Gone is the noise and frenzy of the main square. My mind is contemplative as I wander through the site. The temple of Tenochtitlan was once home to a powerful Aztec culture. It’s impressive. Actually, I’m fascinated by the layers of culture and history – sculpted symbolism and architectural remnants of an ancient state, a beautiful Spanish colonial historic district, and a blend of contemporary cultures with striking contrasts between the haves and have-nots – all here in this spectacular, polluted, earthquake-prone, sinking city centre.

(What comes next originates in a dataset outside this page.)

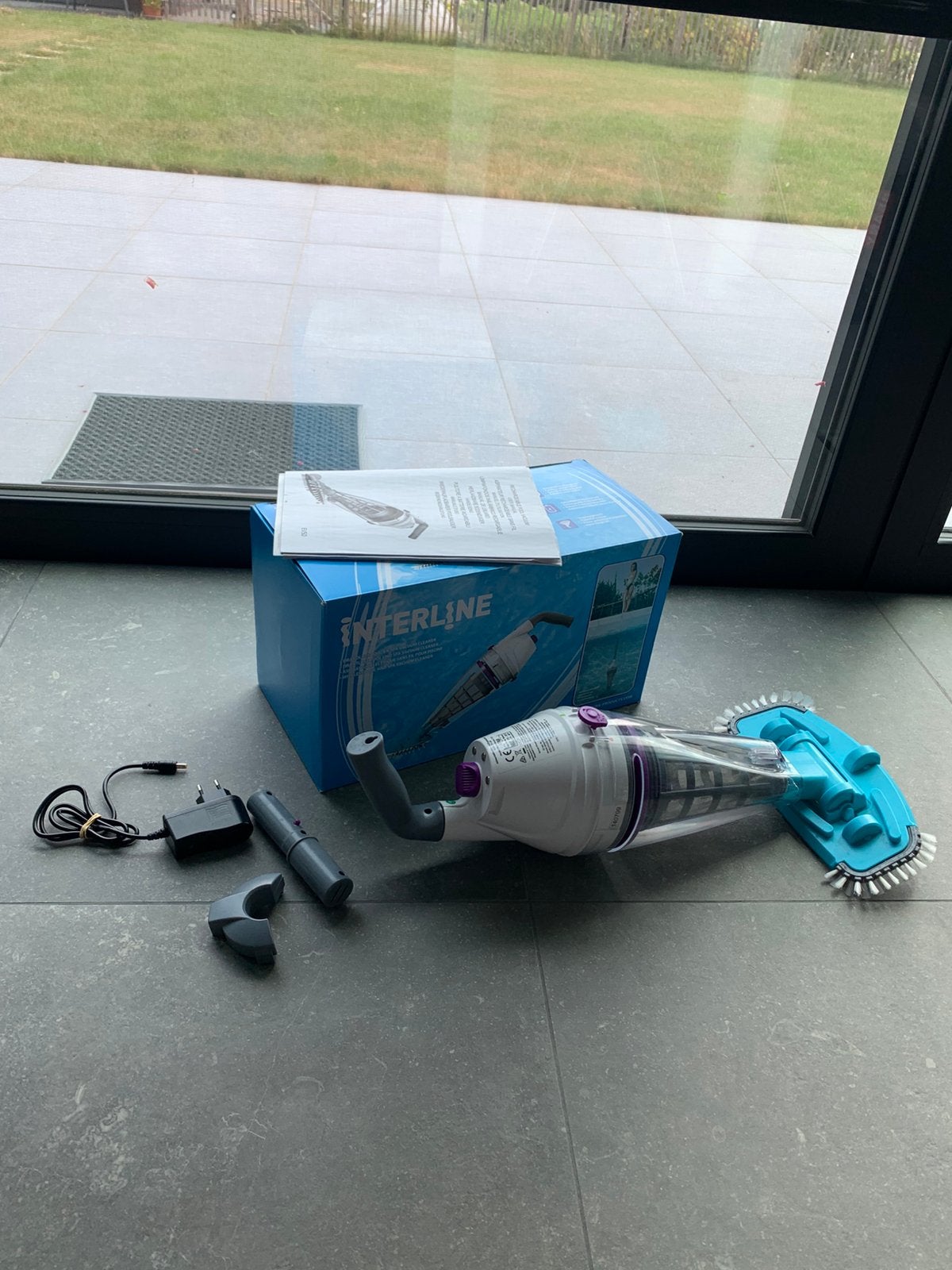 Aspirateur de piscine et nettoyeur de spa sans fil Interline, Enlèvement, Comme neuf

I went back to the square later that evening. I had read warnings that this city is dangerous, i.e., 60 kidnappings a day, but I felt safe. The Zocalo and nearby streets were overflowing with people – families, friends, lovers, performers, artisans, tourists, and police. A magnificent Christmas tree, lighting displays, and the vitality of the crowd were all so enticing. I was glad I had decided to stay in this part of the city. However, after a refreshing pineapple and orange juice earlier in the afternoon I now felt I was doing a disservice to myself and the culture with my 7-11 dinner of a hot-dog and coffee.

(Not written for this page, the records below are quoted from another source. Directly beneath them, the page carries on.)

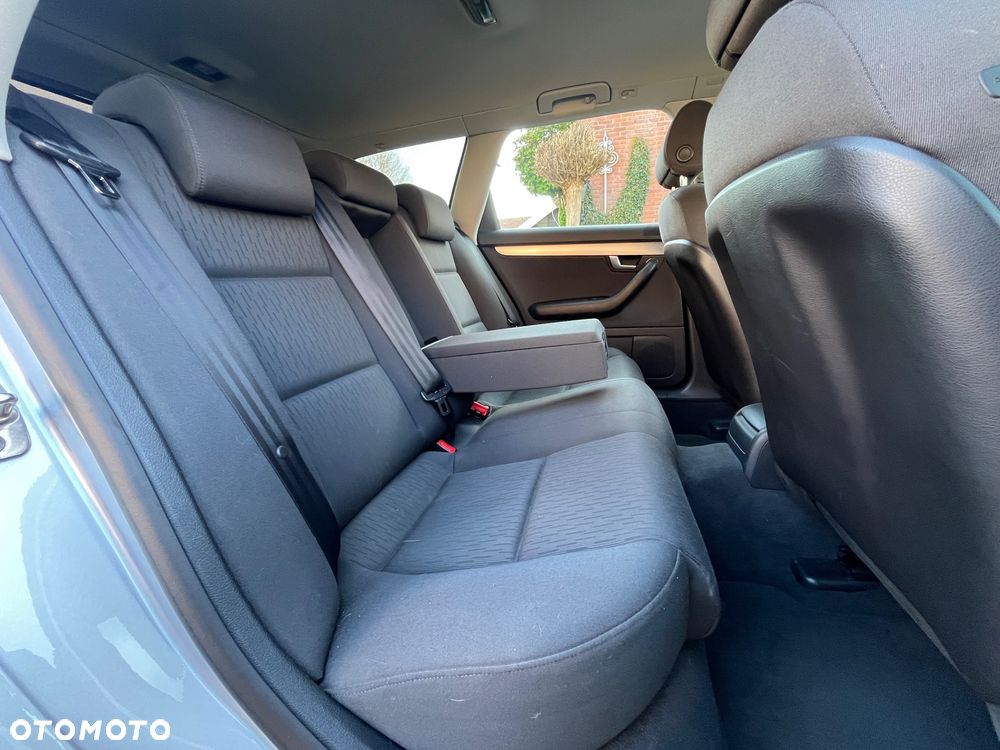 Audi A4 Avant 1.8 T - 8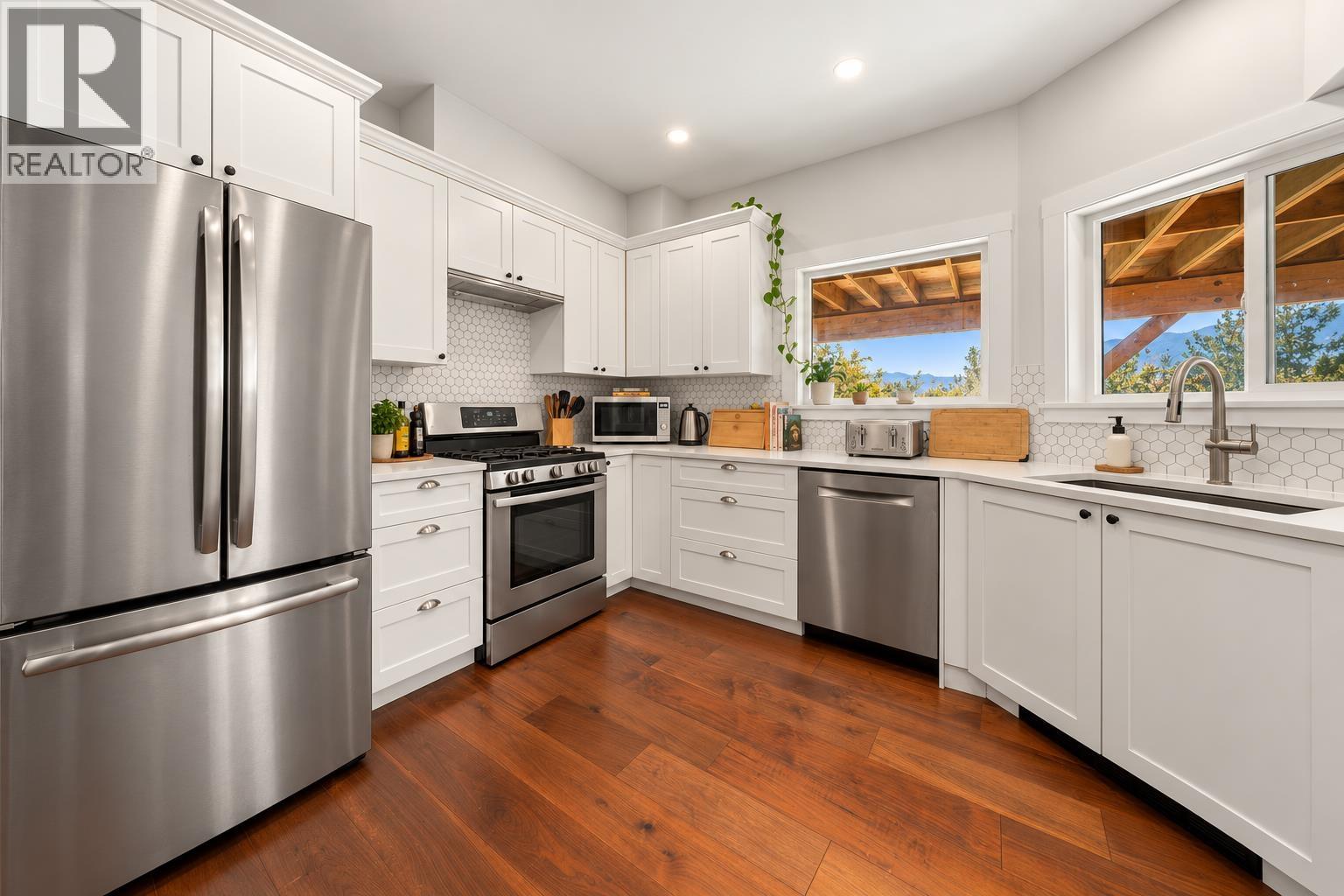 40222 Skyline Drive, Squamish, British Columbia  V0N 3G0 - Photo 32 - R3178117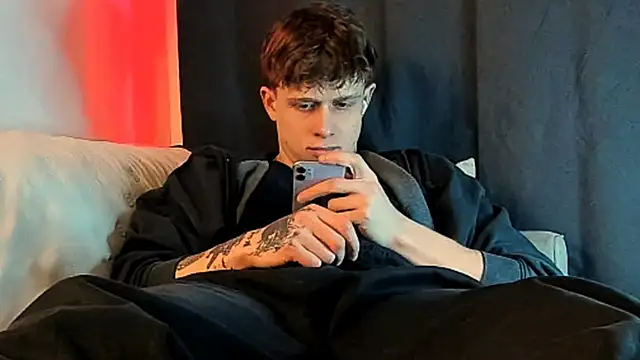 TalkingHead 0  online show from 04/21/26, 06:23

Day two found me on the Touribus. It’s an excellent service – 21 stops and you can get on and off all day! I did not get off though – not my intended plan – the city is so large, and I decided it would serve as an orientation and overview. Back on foot, I explored more of the historical district. Architecture, sculpture, mesmerizing murals, the Almeda, Spanish conversation with a couple schoolgirls, a tortilla and cerveza at an outdoor cafe made all the more pleasant by a talented classical musician, and another evening strolling about the Zocalo happening upon various groups performing ritualistic dances.

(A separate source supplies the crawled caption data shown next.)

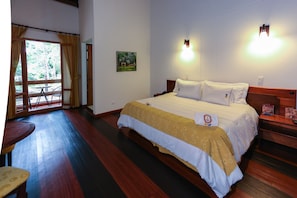 Luxe beddengoed, donsdekens, een minibar, een kluis op de kamer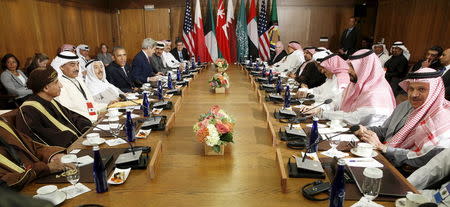 U.S. President Barack Obama hosts a working session of the six-nation Gulf Cooperation Council (GCC) at Camp David in Maryland May 14, 2015. REUTERS/Kevin Lamarque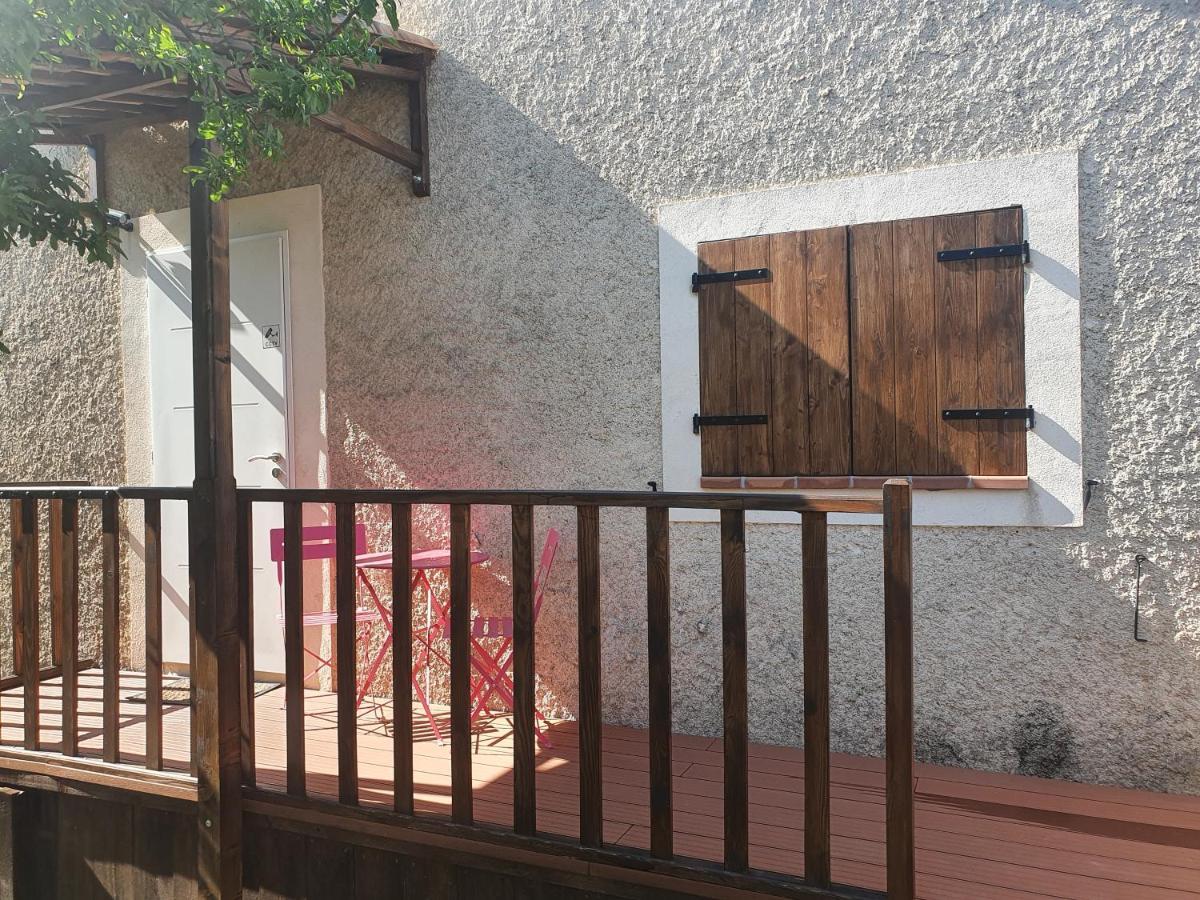 La Maison De Lalouette Forcalquier Esterno foto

The third day I went to the Aztec pyramids at Teotihuacan.  The site is awesome, the sun is hotter, and it’s full of tourists! I stood on top of the Temple of the Moon and tried to imagine life in the former society. While anthropology sheds much light, the reality is that time presents an impenetrable barrier. I didn’t make it to the top of the Temple of the Sun – I was worried about how I would get down. I wondered if the Aztecs, too, experienced vertigo.

Later that night, while I was sitting in the hostel entrance, a young man entered and very politely explained that he was a craftsperson from the north but hadn’t sold enough today to pay for his room. He was now trying to earn the money by selling lollipops for a peso a piece. One peso is worth so very, very little.